TASK DETAILS >> Exact reproduction, images excluded: write out the records below.
#### RECORDS TO USE ####
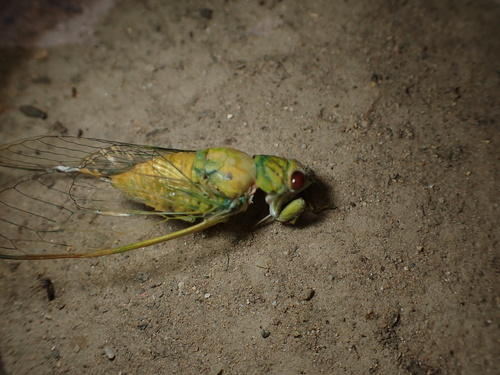 Peaceful Cicada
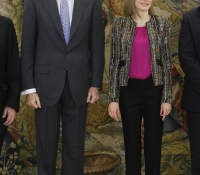 audiencia real en el palacio de la zarzuela enero 2015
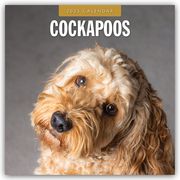 Cockapoos - Cockapoo 2025 - 16-Monatskalender  9781804424490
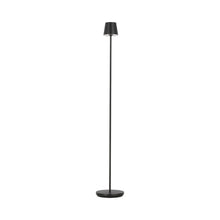Load image into Gallery viewer, Nevis LED Floor Lamp in Black.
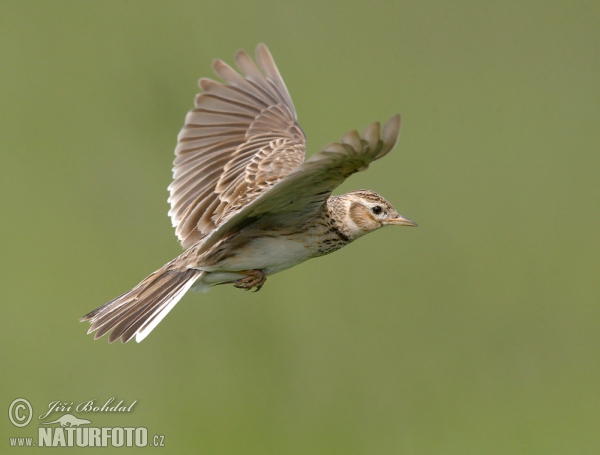 Skylark (Alauda arvensis)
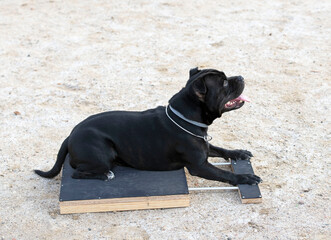 obedience training in a club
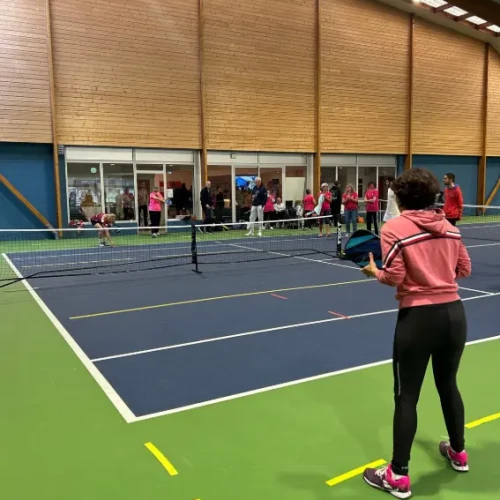  Animation Pickleball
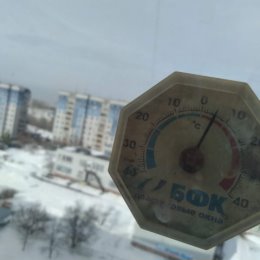 Фотография "Да уж- весна...+5, а снег не тает...
19.03.2024г."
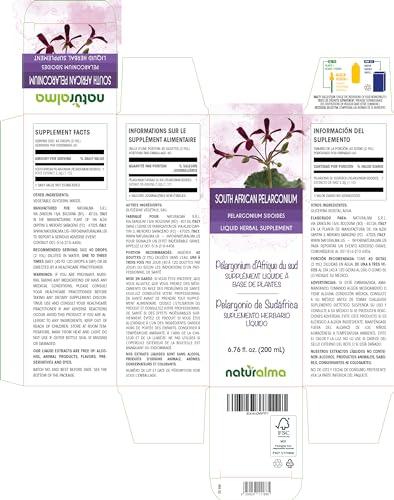 Naturalma South African pelargonium (Pelargonium sidoides) root Alcohol-free Tincture - Liquid extract in drops - Herbal supplement - Vegan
####
SOLUTION BELOW >>
 Peaceful Cicada
 audiencia real en el palacio de la zarzuela enero 2015
 Cockapoos - Cockapoo 2025 - 16-Monatskalender  9781804424490
Load image into Gallery viewer, Nevis LED Floor Lamp in Black.
 Skylark (Alauda arvensis)
 obedience training in a club
  Animation Pickleball
 Фотография "Да уж- весна...+5, а снег не тает...
19.03.2024г."
 Naturalma South African pelargonium (Pelargonium sidoides) root Alcohol-free Tincture - Liquid extract in drops - Herbal supplement - Vegan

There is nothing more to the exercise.